I apologize if I offend anyone with the following simple science, but it helps me to put things in terms that even my mosquito fish can understand. ewest hit all the important points about stuff moving through other stuff....in relation to permeability, porosity, conductivity, tortuosity (the flow paths), but for me all other things being equal, and envisioning leaky ponds i think primarily about how fast the water moves through whatever type of soil. So here are some example ranges of K (hydraulic conductivity) for different soil types just for comparisons sake......K is also given in metric units (i.e. cm/s or m/s) but my mind still thinks in inches and feet so I use gallons per day per square foot………..
Gravel : 10E4 to 10E6 gallons/day/ft2 (10E4 is scientific notation for 10 to the 4th power which is 10x10x10x10 = 10,000 - which means between 10,000 to over 1,000,000 gallons of water can pass through a square foot of gravel in one day!!)
Silty Sand to Clean Sand : 1 - 10E3 gal/day/ft2 (10E3 = 1000 gallons = gushing pond leakage)

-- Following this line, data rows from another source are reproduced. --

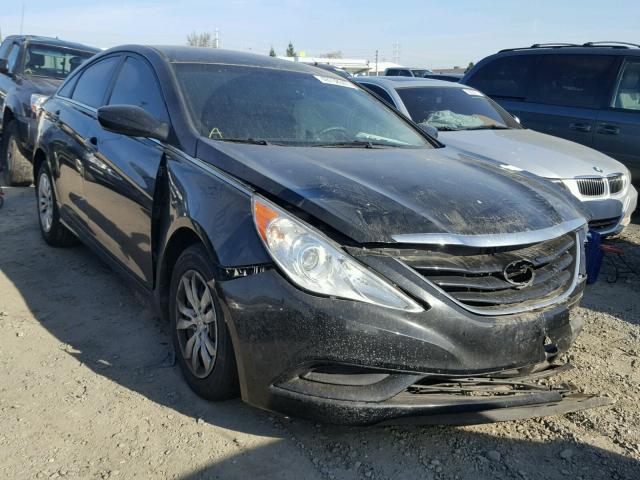 5NPEB4AC5DH504374 - 2013 HYUNDAI SONATA GLS BLACK photo 1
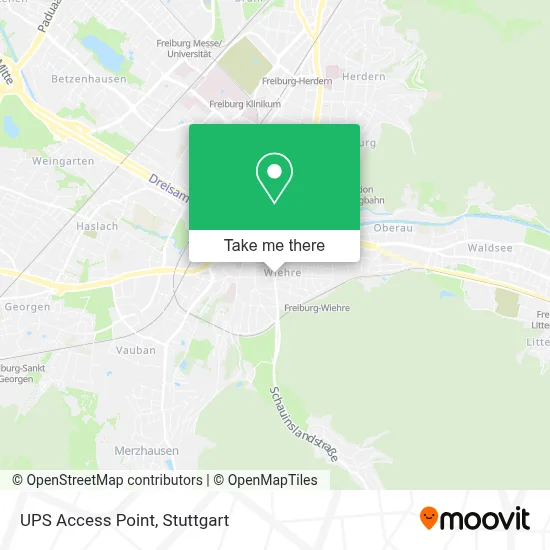 Ups Access Point map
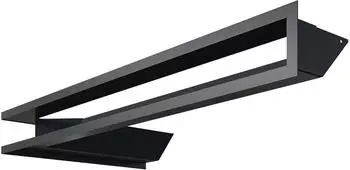 Kratki LUFT Lüftungsgitter 400x800x90mm Ecke rechts 45° graphit (LUFT/NP/9/8040/45S/G)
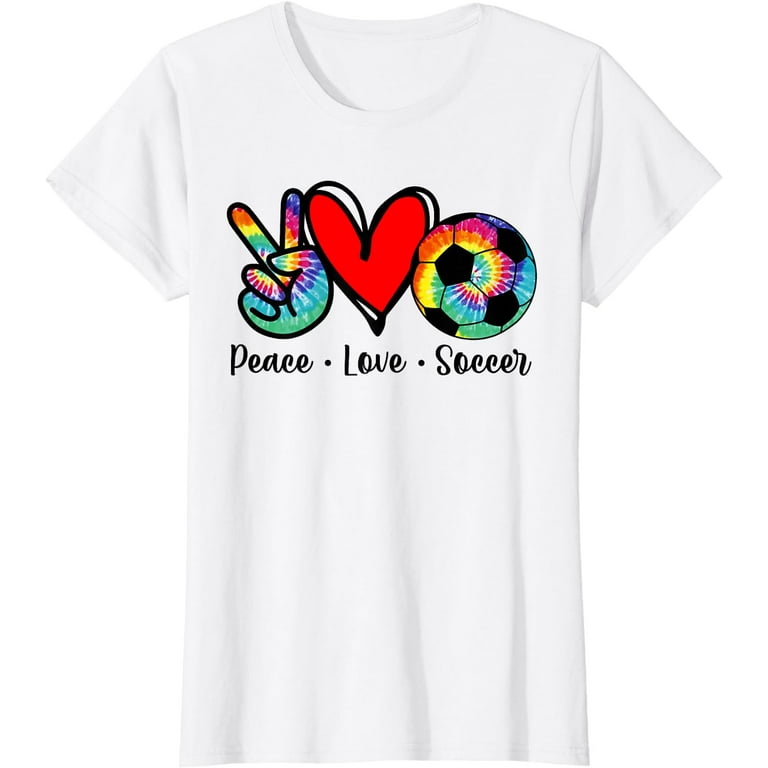 Love Women Teen Girls Soccer T-Shirts Love Women Teen Girls Soccer T-Shirts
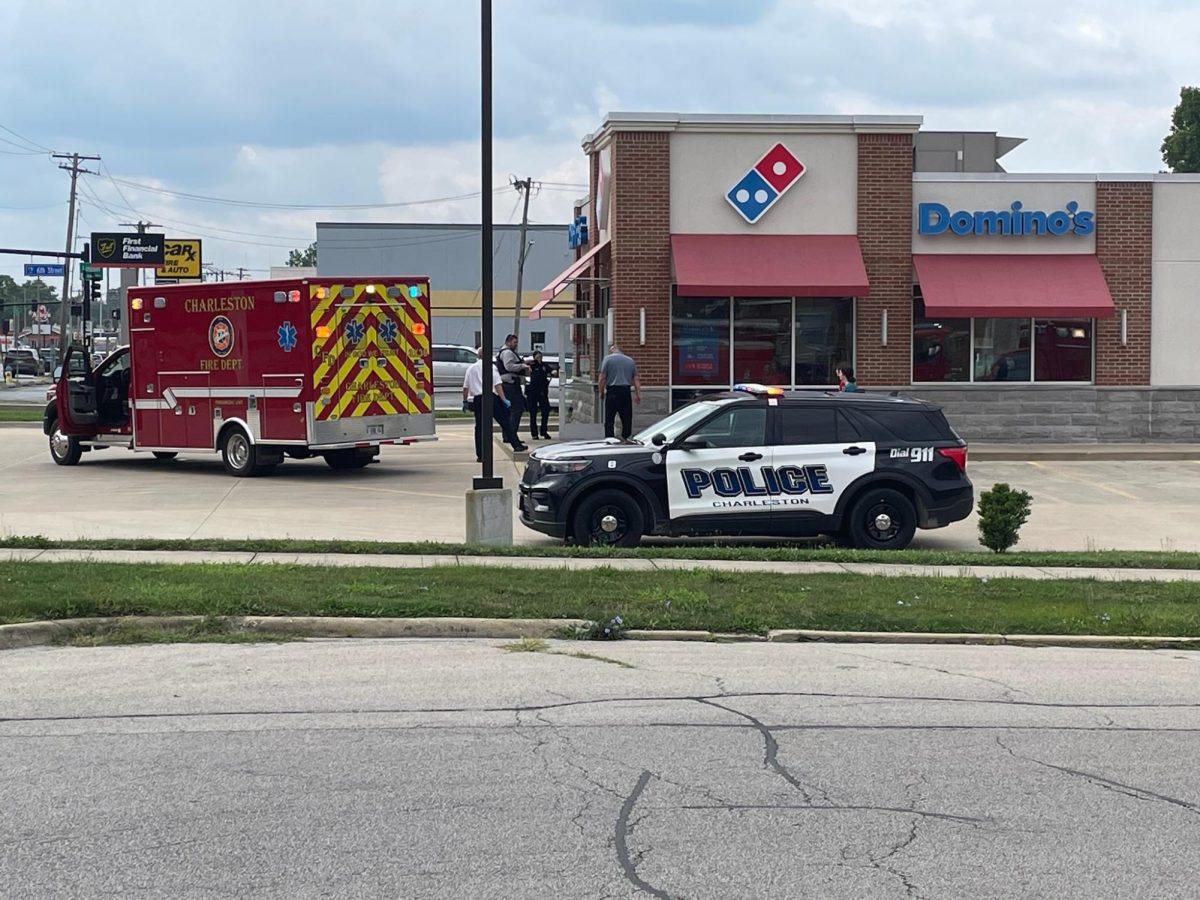 Charleston Police responded to Dominos Pizza after a man was shot in the arm Tuesday afternoon.
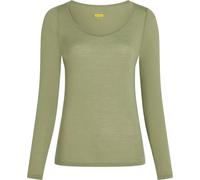 Icebreaker - Ropa interior térmica mujer - W Merino 150 Siren LS Sweetheart Lichen de Lana - Talla S - Caqui Caqui S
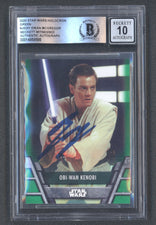 Ewan McGregor Signed 2020 Star Wars Holocron Green #Jedi1 (BGS | Autograph Grade 10)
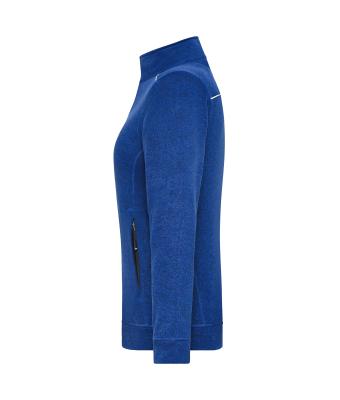 Damen Ladies' Knitted Workwear Fleece Jacket - SOLID - Dark-royal-melange/navy 10221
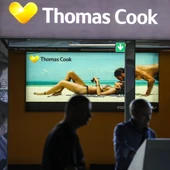 Imagen que muestra un cartel publicitario de la empresa británica Thomas Cook Imagen que muestra un cartel publicitario de la empresa británica Thomas Cook
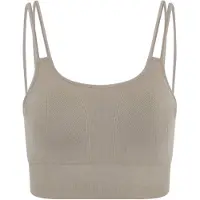 Born Living Yoga Sujetador deportivo 'Blume' beige oscuro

Silts : 10E-2 to 1 gal/day/ft2 (which means 0.01 to 1 gallon of water can pass through a square foot of pure silt in one day, if multiplied by square footage of pond = very leaky pond…..you can see where we’re headed for clay….)
Clay : 10E-4 to10E-6 gal/day/ft2 (which means 0.0001 to 0.000001 gallons of water through the square foot of clay which equates to a leaky pond only on geologic time, this is a good tight pond seal).
this thread is a classic for leaky ponds containing many great insights, speculations, and statements above (theo, bill, brettski, eddie, ML...all yous guys), but IMHO to really help DonB we need to hear back from him about his construction techniques to help determine whether its just absorption into new pond lining or an actual seep. Hope the explanation on conductivity helps a few of you lurking get a feeling for why clay works so good.
My personal situation prior to renovation was hydraulic driven seepage through bedrock on pond side of dam, with water daylighting in creek below dam. In brief, this was mostly remedied by a lot of digging, cleaning, grooming and installing a well compacted mixed native and imported clay liner within deepest areas of pond subject to the greatest hydraulic pressure.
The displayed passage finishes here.